Right, so after all this, you are probably (hopefully?) wondering how you can start a D&D program of your own, in the most time- and cost-efficient way.

For those of you brand new to D&D, I would recommend purchasing the D&D Starter Set* for the most recent, 5th Edition, which in my opinion is the best edition to play. This starter set costs $20, it contains a full set of dice, a starter version of the rules, several pre-made characters for players to play, and a great prewritten adventure for new Dungeon Masters to use, which will walk you through how to play the game. This little box contains at least 20 hours of play in it, perhaps more, and it is all you need to get started.

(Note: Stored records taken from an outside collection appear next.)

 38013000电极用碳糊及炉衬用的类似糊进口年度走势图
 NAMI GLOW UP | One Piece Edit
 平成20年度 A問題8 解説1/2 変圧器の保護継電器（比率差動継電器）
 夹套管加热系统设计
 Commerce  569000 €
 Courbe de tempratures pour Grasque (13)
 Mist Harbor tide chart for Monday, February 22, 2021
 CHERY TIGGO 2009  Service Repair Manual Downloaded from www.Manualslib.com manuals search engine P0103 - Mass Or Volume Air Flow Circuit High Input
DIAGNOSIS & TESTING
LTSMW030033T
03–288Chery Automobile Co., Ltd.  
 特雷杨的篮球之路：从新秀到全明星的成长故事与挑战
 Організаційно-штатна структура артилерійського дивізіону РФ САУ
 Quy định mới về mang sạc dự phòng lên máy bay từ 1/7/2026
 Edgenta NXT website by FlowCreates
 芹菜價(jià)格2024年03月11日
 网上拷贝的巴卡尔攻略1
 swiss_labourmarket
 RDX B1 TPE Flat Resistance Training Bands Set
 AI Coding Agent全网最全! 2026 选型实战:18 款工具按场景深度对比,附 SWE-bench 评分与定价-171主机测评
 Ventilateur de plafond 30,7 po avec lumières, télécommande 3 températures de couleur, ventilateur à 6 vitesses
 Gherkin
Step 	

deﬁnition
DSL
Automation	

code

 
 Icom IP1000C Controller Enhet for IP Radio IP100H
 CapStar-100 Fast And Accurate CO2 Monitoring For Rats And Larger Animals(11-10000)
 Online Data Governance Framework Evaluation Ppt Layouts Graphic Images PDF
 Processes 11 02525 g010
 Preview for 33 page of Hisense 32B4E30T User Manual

If you have a local game store in your area, maybe they will even consider donating the item to your library, it’s always worth asking.

*Editor’s note: Wizards of the Coast has since then released an Essentials kit as well, containing rules for character creation, a different adventure, more dice, a DM screen and cards for spells and items. You can see a comparison between the two kits here.

If you are looking for expanded content, or content for more veteran players, all you need to purchase in addition to dice, is the Players Handbook and the Monsters Manual. These two books will give you limitless content, and give you the complete rules to play the game. The Dungeon Masters Guide is the final book of these core rulebooks, but you can probably skip it until you get a feel for the program.

In addition to these two books, I would strongly recommend purchasing a pre-made adventure, as this makes your job as the librarian much easier; rather than creating encounters, cities, and people to populate these areas from scratch, you can just read what professional adventure writers have created. I would personally recommend Tales from Yawning Portal; these are a series of dungeons that are loosely interconnected, rather than a large adventure, spanning continents, so it will be easier for a new Dungeon Masters to manage. It also means that players can come and go easier during the adventure, without creating problems for the group.

Editor’s note: Waterdeep Dragon Heist is another pre-made adventure that can be recommended. It has an extensive world, supporting characters and a storyline that is different based on in which season the story happens, offering great replayability.